When the Cal Poly football team arrived in San Luis Obispo from its 38-34 road victory over Portland State last Thursday, the Mustangs received the next closest thing to a police escort.
Senior slotback Cole Stanford, who did not make the trip to Portland because of injury, led two team buses onto campus in his own car, twirling red and blue cups out of the sunroof to mimic law enforcement lights.
It was one way Stanford could stay involved with the team during a season in which his role has been much more limited than expected.
Since spraining his ankle in training camp, the 6-foot-2, 215-pound back has been hampered with leg injuries.
His practice time was lessened as his ankle recovered leading up to the Aug. 31 season opener against San Diego. He played through that recovery against the Toreros and into the following week’s game at Fresno State, where he limped off the field in the fourth quarter.
After spending much of the week wrapped in ice, again Stanford limped off the field the next week at Colorado State and in the second half was relegated to the sideline with ice taped to his right calf, an ache that lasted through the bye week and kept him off the plane to Portland.
“He’s played hurt the entire season,” Cal Poly head coach Tim Walsh said. “We have a term for Cole: He’s stupid tough, and we had to learn that.
“He’s going to tell you he’s good even though he’s not good. And then you watch him, and somehow, he can push himself through it to make it look like he’s good. But he’s playing though a lot of pain, which we know now. So, therefore, we’re going to be smarter in how we deal with him.”
In preparation for Saturday’s 2 p.m. home game against Yale, Stanford was able to get through practice both Monday and Tuesday.
He’s only rushed five times for 11 yards and a touchdown, but Stanford is also a weapon as a blocker and a receiver.
Though he has yet to play fully healthy and has missed an entire game, Stanford still accounts for a chunk of Cal Poly’s passing game. Second to team leader Willie Tucker in receiving yardage, yards per catch and per game, Stanford has six catches for 122 yards.
Walsh was not ready to declare Stanford healthy enough to play against Yale, but the coach said he will take a day-to-day approach with the injury and that there were steady signs of improvement.
“We’ve got to be able to see him really push off and be Cole Stanford,” Walsh said. “I’d rather he be Cole Stanford for seven games than be half a Cole Stanford for one game.”
Hubbard held out for helmet hit
Senior safety Alex Hubbard is suspended for the first half of the Yale game after he was flagged and ejected for an illegal hit late in the fourth quarter of the victory over Portland State.
“It was kind of a bang-bang play,” Walsh said. “The receiver had to go low, and he went low and hit him with the top of his helmet. So, that’s the call.
“I’m totally about the safety of all individuals, so I think it doesn’t make a statement just to Alex. It makes a statement to your whole team.”

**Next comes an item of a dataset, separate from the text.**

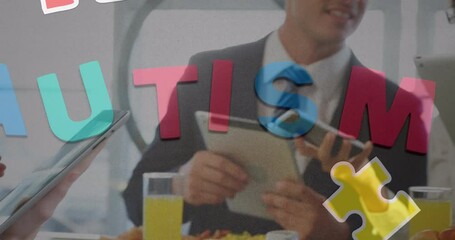 Poster - Animation of colourful puzzle pieces and autism text over business people using digital devices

By rule of the on-field call, Hubbard will not play the first half but should return for the second half, and Walsh said he does not expect additional penalty from the Big Sky Conference.
This is the second time the former junior college transfer from College of San Mateo will sit because of an aggressive play.

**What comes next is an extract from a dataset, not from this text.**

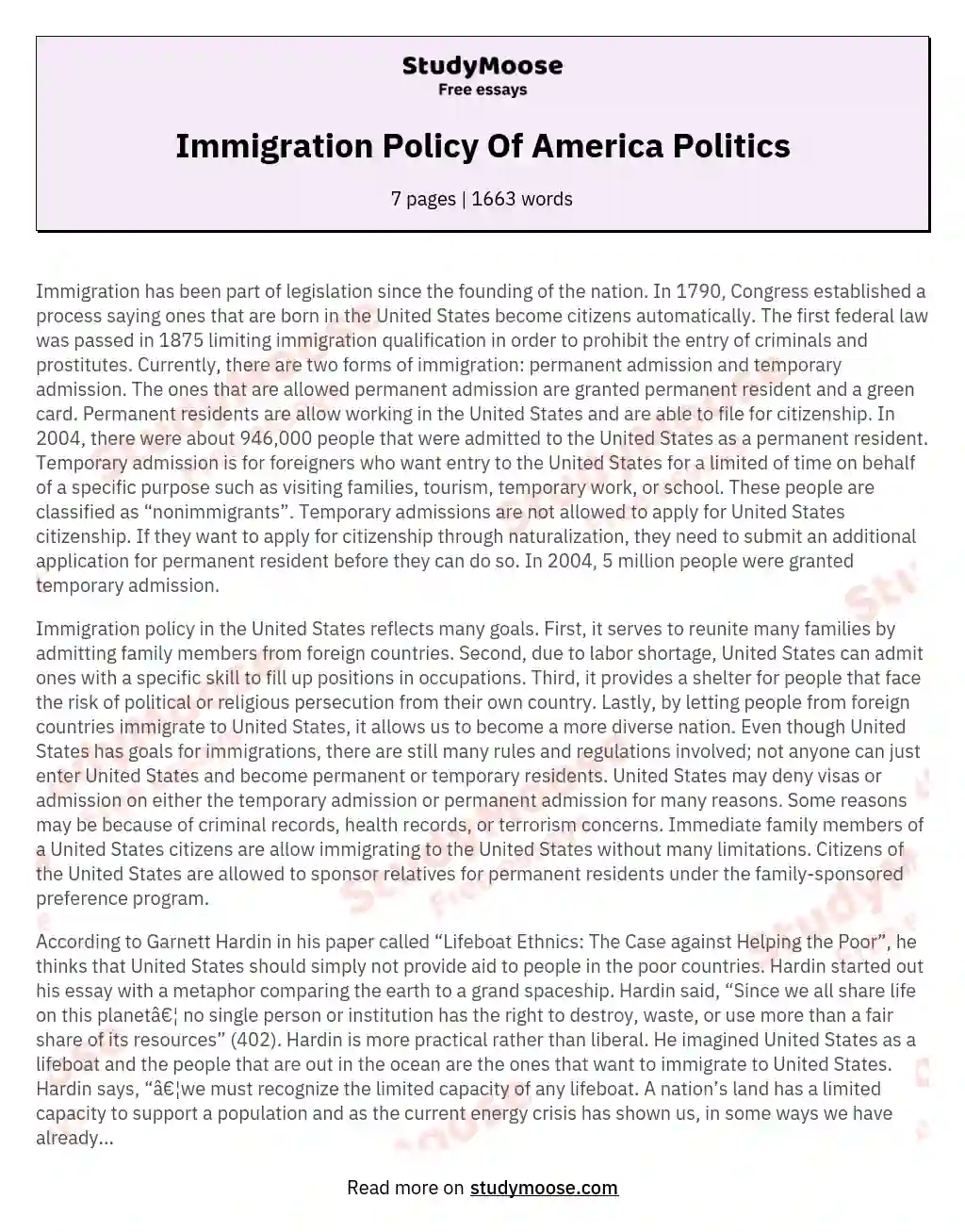 Immigration Policy Of America Politics essay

Hubbard was one of four players in a single week that received one-game suspensions from the Big Sky last season. In a game at Weber State, Hubbard leveled a receiver over the middle who was looking back toward the line of scrimmage on a run play.
The two-year starter ranks third on the Mustangs with 30 tackles and has one pass breakup and one deflection on the season. Senior Matt Reza and junior Jordan Williams figure to start at the safety positions Saturday.